In Lanard Toys Ltd. v. Dolgencorp LLC, NO. 3:15-CV-849-J-34PDB, 2019 WL 1003134 (M.D. Fla. March 1, 2019) (Barksdale, USMJ), the Court denied a defendant's request either for dismissal of the case with prejudice or alternatively for sanctions. The defendant's motion appealed to the Court's "inherent powers."

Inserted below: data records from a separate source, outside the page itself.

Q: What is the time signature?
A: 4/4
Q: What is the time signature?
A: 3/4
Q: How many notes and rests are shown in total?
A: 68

In this case, the question of exercising the Court's inherent powers to sanction attorneys involved the standard of proof of "subjective bad faith." The Court held in this case that it saw the attorneys' record conduct the same way, whether under a high standard of clear and convincing proof or under a lower standard more or less based on the circumstances:
Many courts require clear and convincing evidence of subjective bad faith. [Citations omitted.] There does not appear to be binding precedent in the Eleventh Circuit on that standard. [Citation omitted.] The Eleventh Circuit has held, however, that dismissal of a case is “warranted only upon a clear record of delay or willful contempt and a finding that lesser sanctions would not suffice.” Mingo v. Sugar Cane Growers Co-op of Fla., 864 F.2d 101, 102 (11th Cir. 1989) (internal quotation marks omitted) (emphasis in original).

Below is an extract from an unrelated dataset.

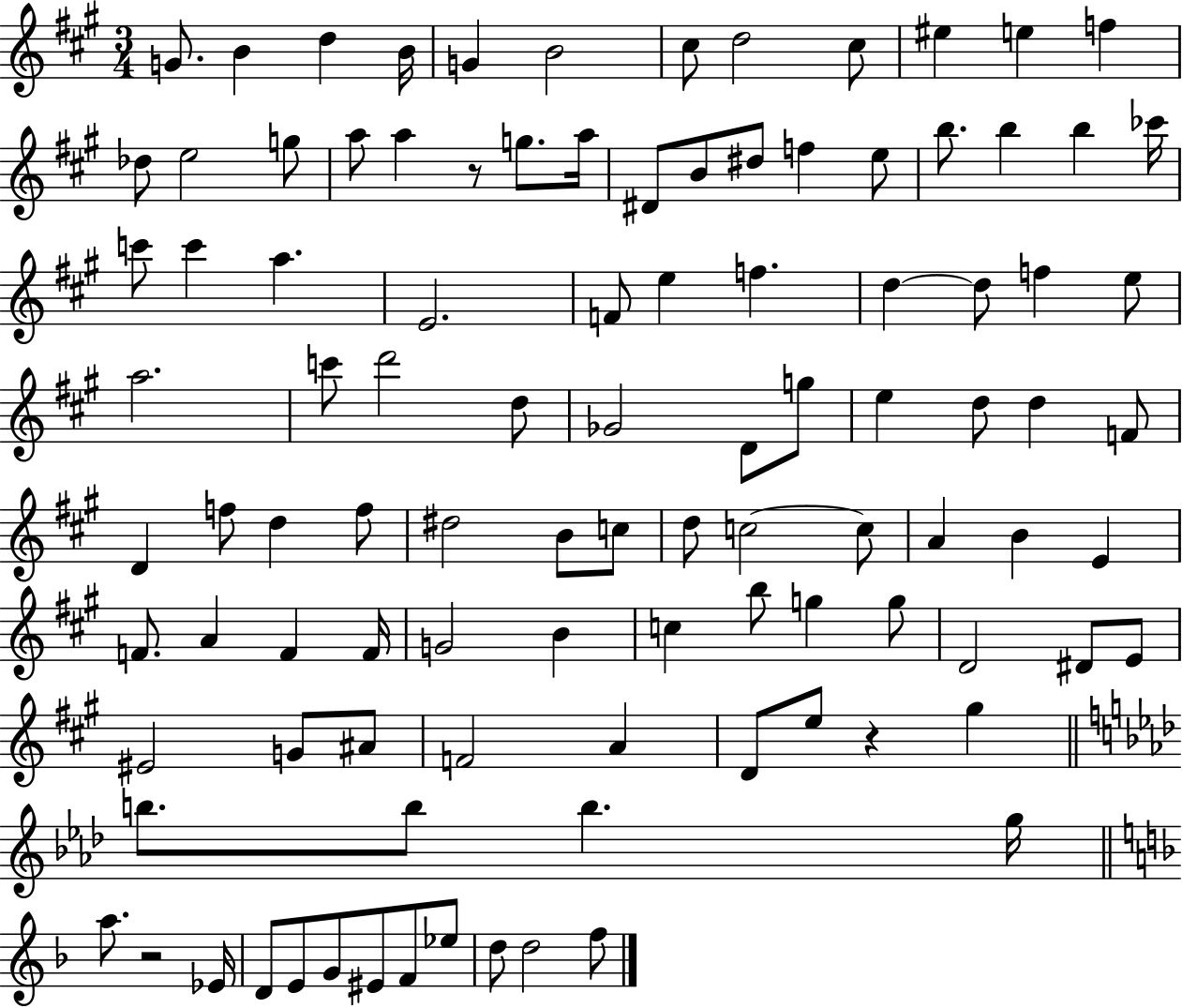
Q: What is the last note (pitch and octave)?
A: F5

Here, the result would be the same whether the clear-and-convincing standard or the lesser preponderance standard applies.
Lanard Toys Ltd. v. Dolgencorp LLC, NO. 3:15-CV-849-J-34PDB, 2019 WL 1003134, at *2 n. 3 (M.D. Fla. March 1, 2019).
Nonetheless, on this record and in this case, the Court declined the opportunity to dismiss as well as the opportunity to sanction:
Here, the circumstances described by the defendants—and uncontested or largely uncontested by Lanard—show carelessness (or maybe even professional incompetence) resulting from many documents, many markings under the protective order, different lawyers practicing in different states in different cases (this case and the bankruptcy case), and an apparent absence of protocol effective against improper disclosures. But the defendants do not show the subjective bad faith or egregious conduct required for the Court to take the unusual step of exercising inherent authority to sanction the lawyers. Dismissal of the entire case with prejudice would be particularly inappropriate under the circumstances presented.
Lanard Toys Ltd. v. Dolgencorp LLC, NO. 3:15-CV-849-J-34PDB, 2019 WL 1003134, at *2 (M.D. Fla. March 1, 2019).